The document recites the numbers: less than three out of five immigrants in employment, 30% of immigrant households in relative poverty (against 13% of other households, or one of the income differences “the highest in the OECD” ), school performance “low” for immigrant children evaluated at 15 years …

On the labor market, 43% of working-age immigrants (against 29% on average for the 34 OECD industrialized countries) have little or no education, a share exceeded only in Southern Europe.

Issues of access to housing, decommissioning, access to the health system arise in France “with much less acute than in the rest of Europe,” says the OECD. But ultimately, the situation in this country where more than a quarter of the population is of immigrant origin, is comparable “in certain respects” to that of Italy, new destination countries.

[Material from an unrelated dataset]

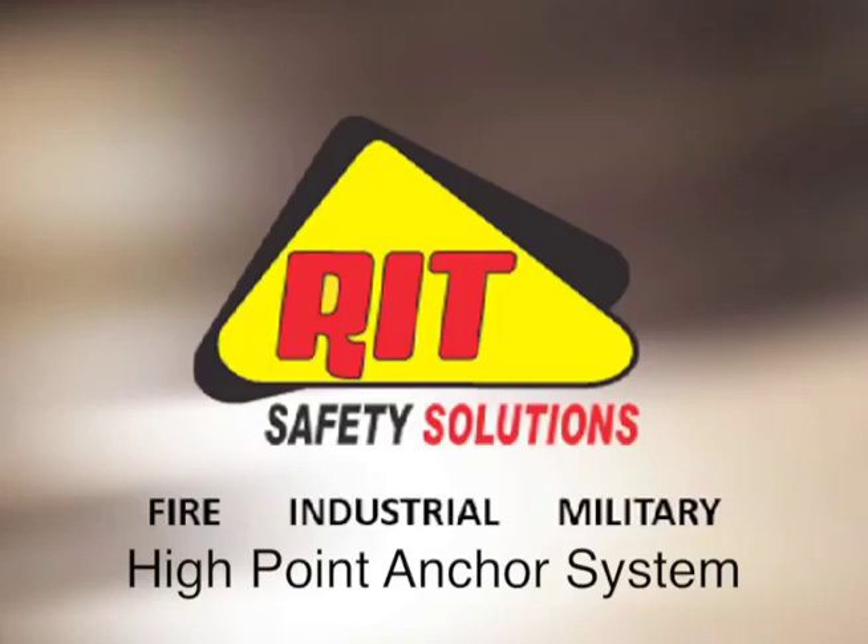Omar Jordan, RIT Safety Solutions. Today we're going to discuss using the High Point Anchor System. This system is a pre-rigged 2-to-1 mechanical advantage system that we've designed utilizing 100% Kevlar rope, split pulleys, and three NFPA G-certified ladder hooks.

The schooling is illuminating in this respect: the children of immigrants from poor families have nearly six times less likely than those born in the country to be among the best students – against two times less likely on average in Europe.

Several factors may explain this observation: Labour Market complicating “odd jobs” poor command of the language, lack of contacts or in a country cherishing the diplomas, employers’ reluctance to face trainings they do not know. ..

Difficulty integrating is also illustrated in the feeling of discrimination, which proves stronger among descendants of immigrants (27%) than immigrants themselves (17%).

It is a “total paradox,” says Jean-Christophe Dumont, Head of International Migration in the institution. “For those who were born in France, the fact of not having access to all levels of society creates enormous frustration.” “It carries within itself the seeds of division, fracture,” which “will not resolve itself,” he warns.